Informal briefings for financial markets by officials failed to resolve the utter confusion caused by the Bank's actions in the money markets on Friday.

There was widespread agreement that if the Bank did not signal higher interest rates today or tomorrow, the pound would fall sharply. It jumped nearly 2.5 pfennigs to DM2.4423 on Friday after the Bank unexpectedly offered to pay higher rates to investors lending the Government money in the weekly auction of Treasury bills.

Most analysts expect Eddie George, the Bank's Governor, to opt for a rise in base rates rather than turmoil on the foreign exchanges, despite leaked reports that he and the Chancellor, Kenneth Clarke, had decided at their monthly meeting last Thursday to leave them unchanged. Either way, a second day of panic in both the money and stock markets is likely.

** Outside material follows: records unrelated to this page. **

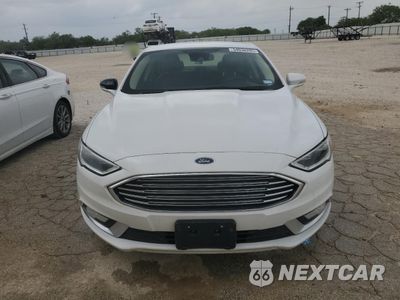 Piąte zdjęcie samochodu w środku: 2017 FORD FUSION SE HYBRID VIN:3FA6P0LU6HR409741 - miniatura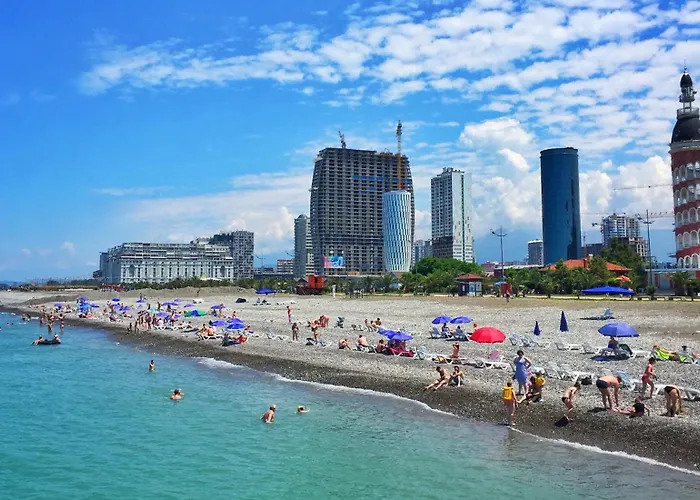 Apartment Rustaveli 59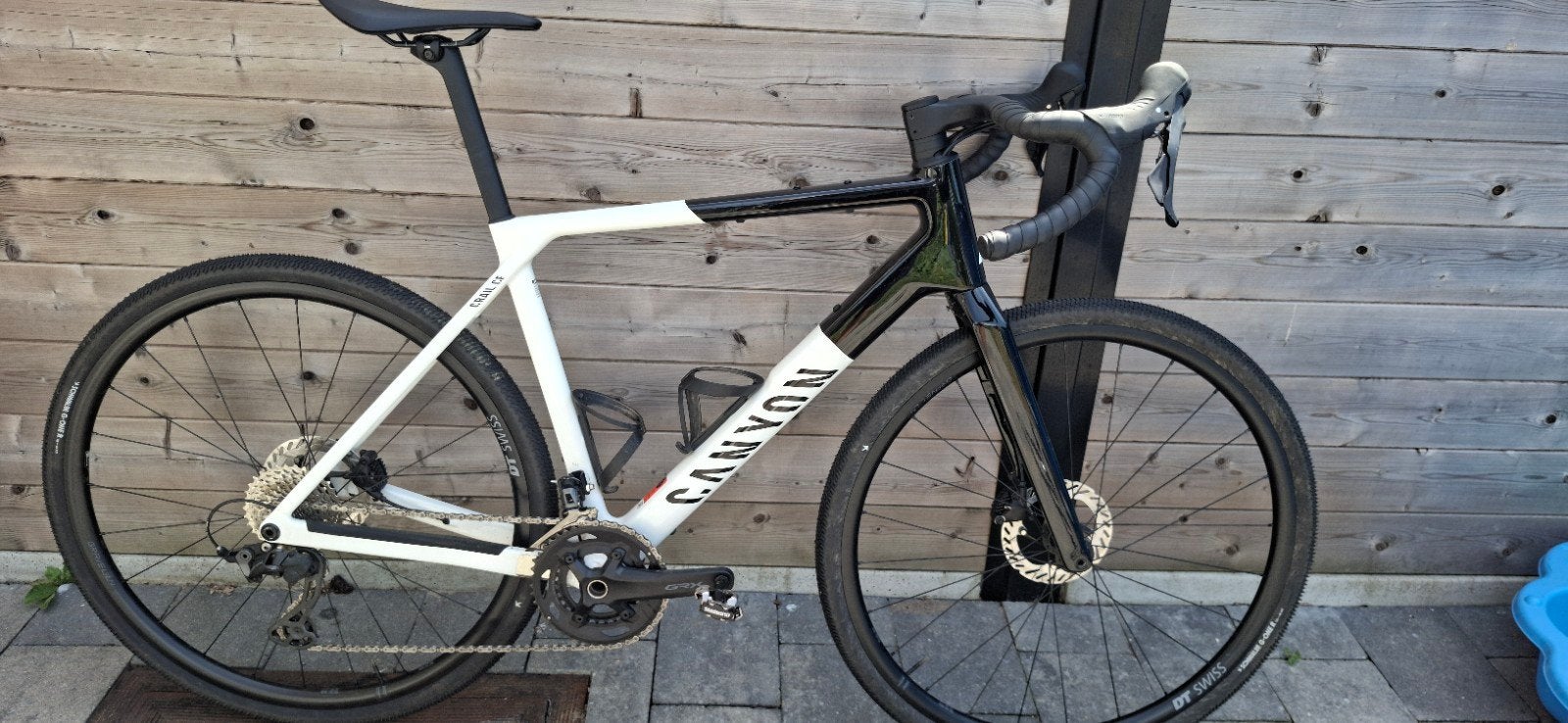 Canyon Grail CF 7 2026, Neuf, Autres marques, Enlèvement, 53 à 57 cm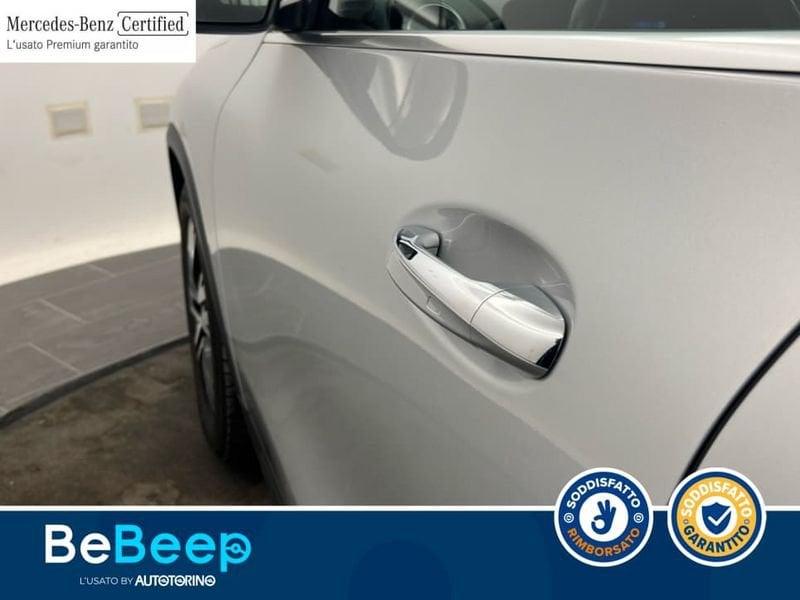 Mercedes-Benz GLA 200 D PROGRESSIVE ADVANCED AUTO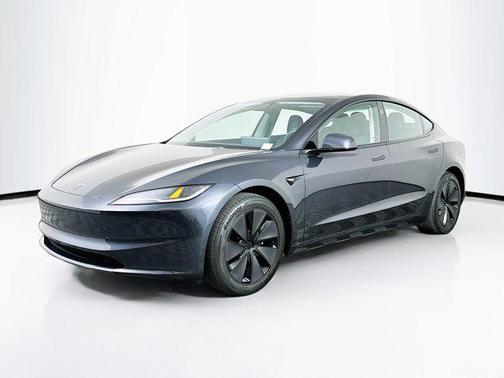 2024 Tesla Model 3 Long Range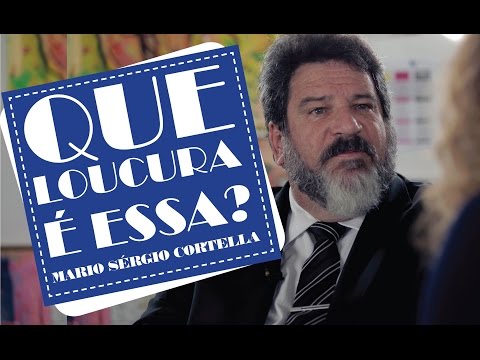 Filosofia moderna: Mario Sergio Cortella é o convidado do 'Que Loucura É Essa?'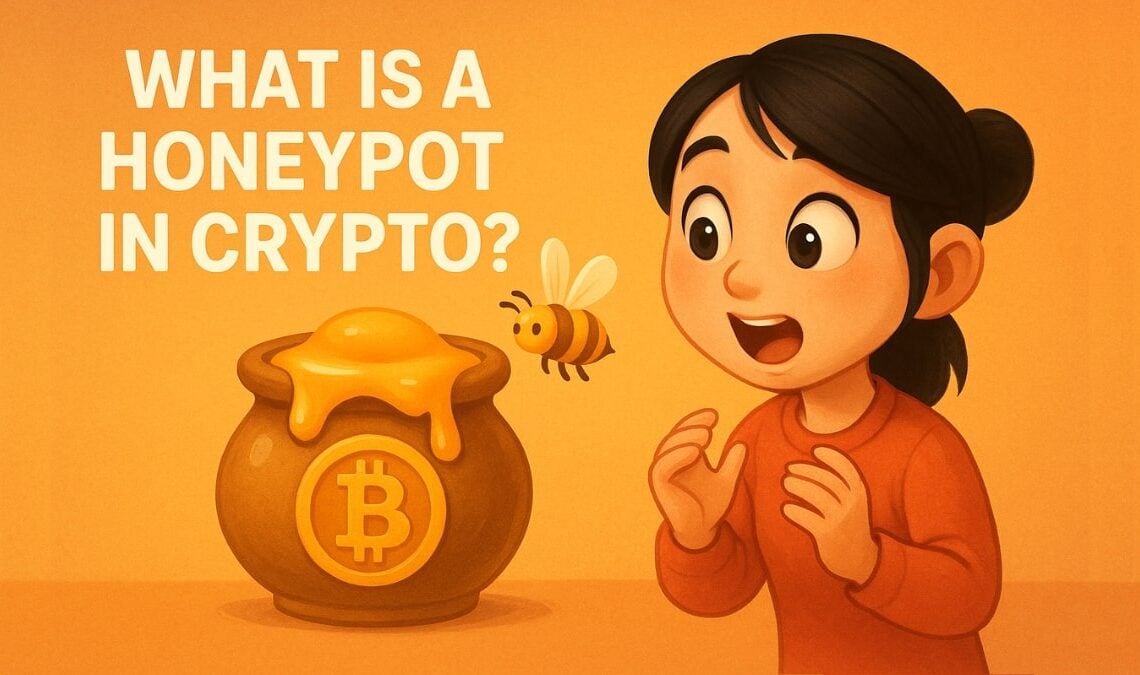 crypto honeypot scam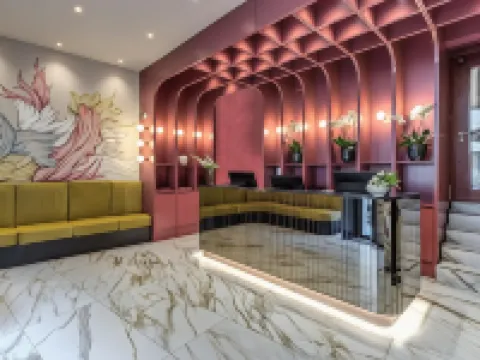 โรงแรมแมดิสัน โรงแรมในโรม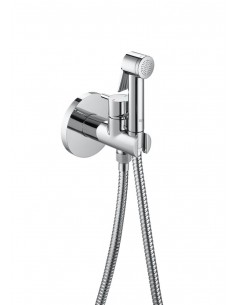 Kit de ducha para bidé con ducha de mano modelo BE FRESH de Roca
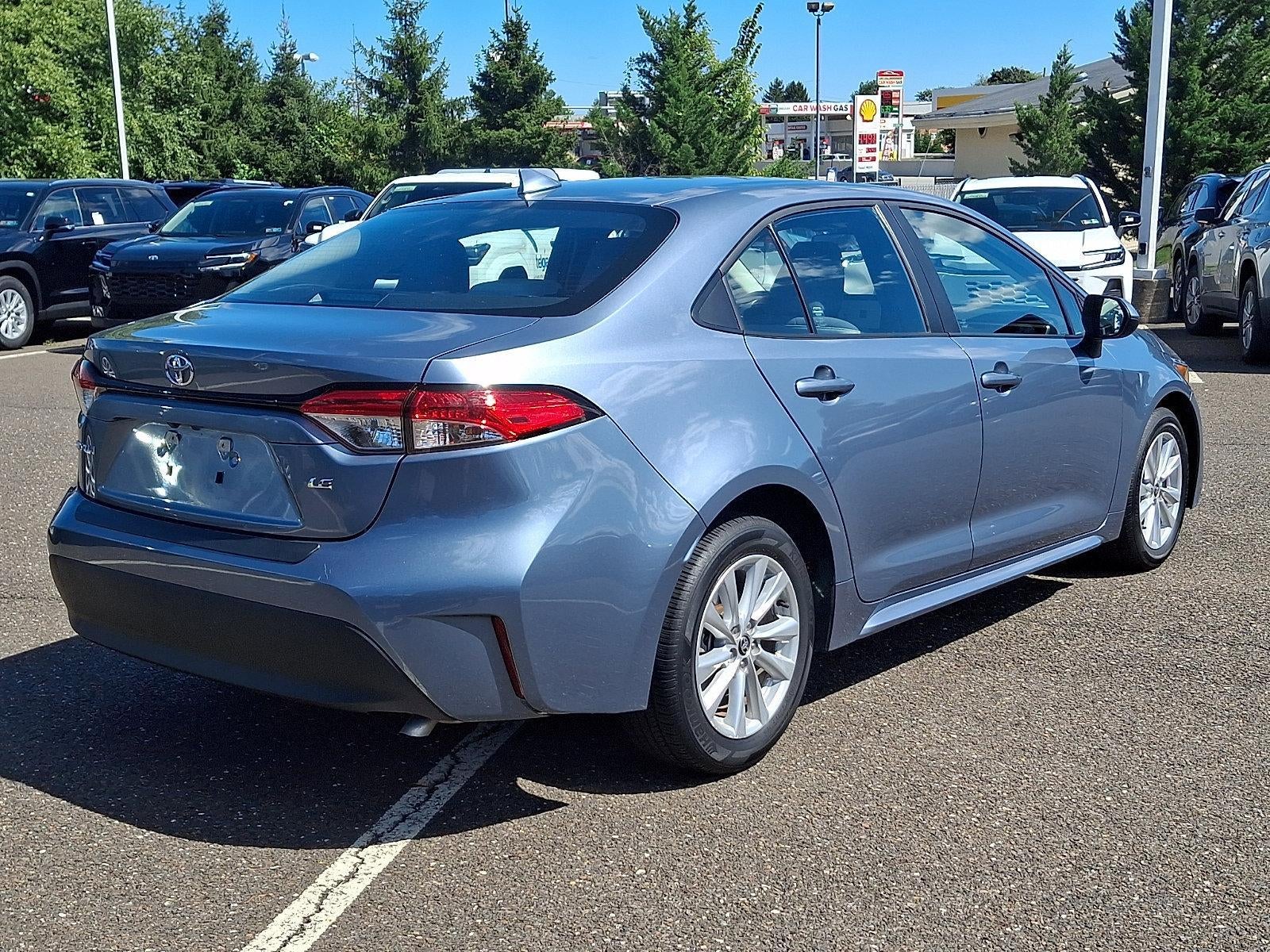 2024 Toyota Corolla LE CVT (Natl)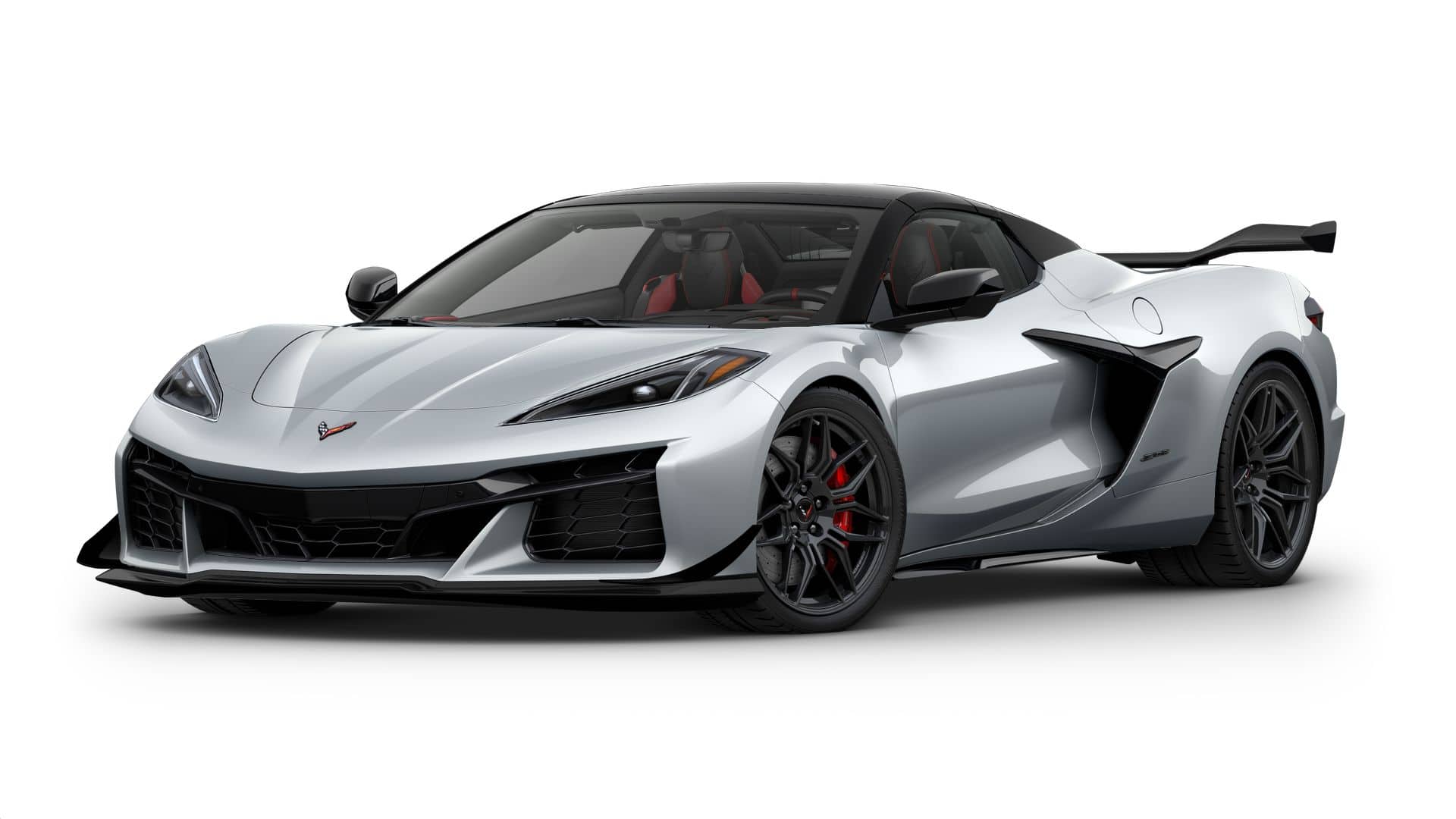 2027 Chevrolet Corvette Z06 2LZ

Stephen Hannah, chief economist at IBJ International, said: 'If base rates do not rise now the pound will fall sharply, and the Bank would have lost an enormous opportunity to demonstrate its commitment to keeping inflation low.'

The Bank cut interest rates by a quarter point to 5.25 per cent on 8 February, the last in a series of reductions after Britain left the European exchange rate mechanism in 1992.

An increase of a quarter or half point this week would be passed on rapidly by the banks to millions of borrowers, although mortgage rates could initially be unchanged as the gap between mortgage and base rates has been larger than normal since February.

An internal inquisition into the Bank's moves on Friday is likely. In the morning, its daily money market operations, which normally signal interest rate policy, indicated no change. In the afternoon, however, it offered much higher rates on Treasury bills.

Confusion was intensified by the fact that the senior Treasury officials responsible for interest rate policy were already on holiday, while Mr Clarke left for his holiday at the weekend.